Re: [PATCH] total_free_shortage() using zone_free_shortage()

Linus Torvalds (torvalds@transmeta.com)
Tue, 7 Aug 2001 22:12:40 -0700 (PDT)


On Wed, 8 Aug 2001, Marcelo Tosatti wrote:
>
> But there is a problem: In case we have a specific zone under critical
> shortage, we have to fix that shortage as fast as possible instead
> blocking on IO (IO for the page_launder case) for zones which are not
> under critical conditions.
>
> I'm thinking of a way to fix both (spikes on page writeout and zone
> critical shortages) problems, but IMO you're suggestion is going to
> hurt the latter.

Think about it.

Exactly because we will _always_ ignore zones that have "plenty" of
memory, you have the cases:

- all zones have plenty of memory.
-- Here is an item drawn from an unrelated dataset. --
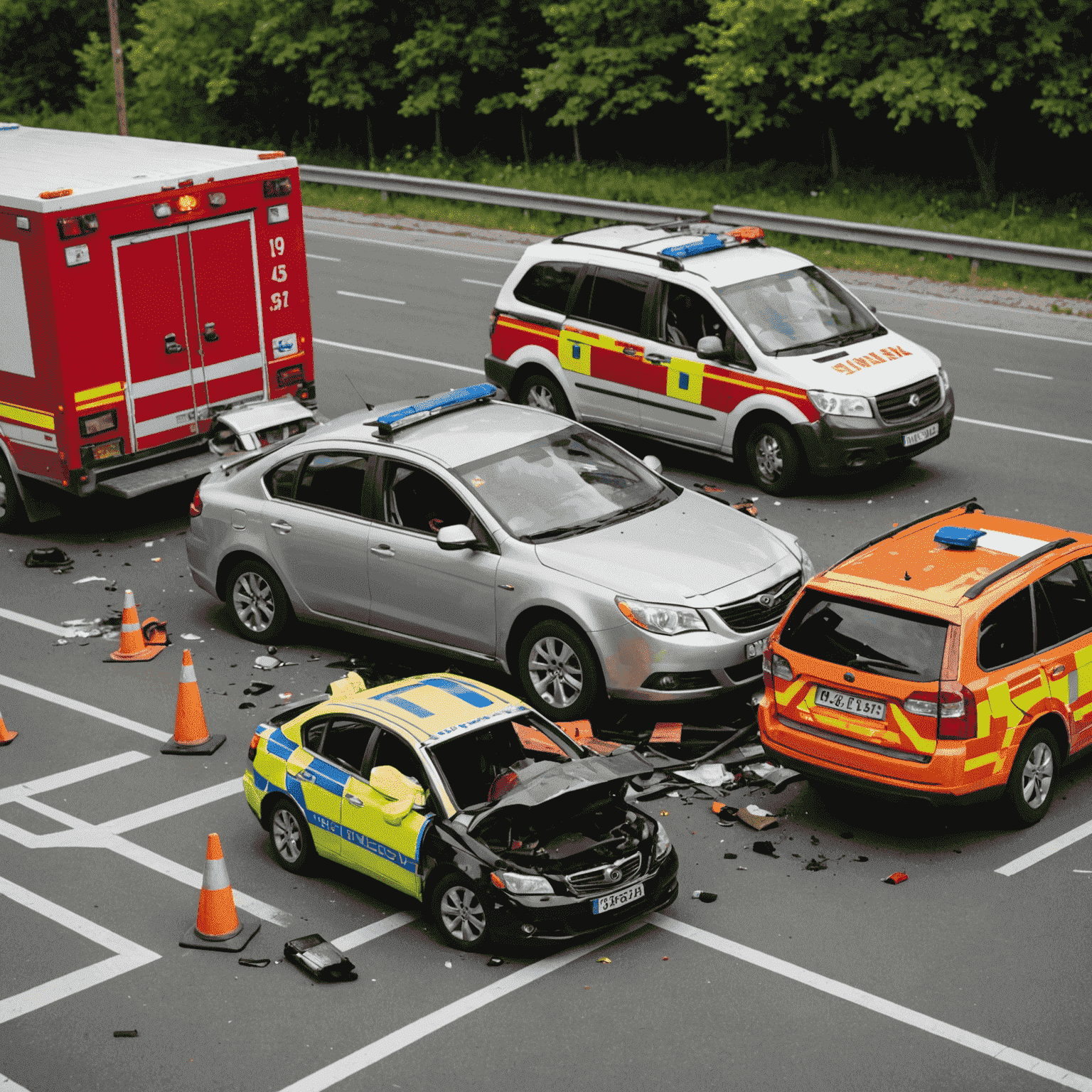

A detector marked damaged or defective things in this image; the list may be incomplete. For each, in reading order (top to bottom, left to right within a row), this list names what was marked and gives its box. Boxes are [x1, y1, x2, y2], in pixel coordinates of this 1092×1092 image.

Nothing to do. Great.
- some zone(s) is really low, the others have plenty. We do the obvious
thing: we only try to fix up the zone(s) that are low.
- some zone(s) is really low, and some others are in danger of getting
low too. Guess what the right thing to do is? Yeah, we probably
_should_ make sure that while we're at it we don't make the others low
too. That's what hysteresis avoidance is all about.
- all zones are really low. We obviously do the right thing.

Basically, your approach has a very black-and-white definition of "low". A
difference in a single page can turn a zone from "enough" to "critical" by
your definition. And that is NOT a stable algorithm in my opinion.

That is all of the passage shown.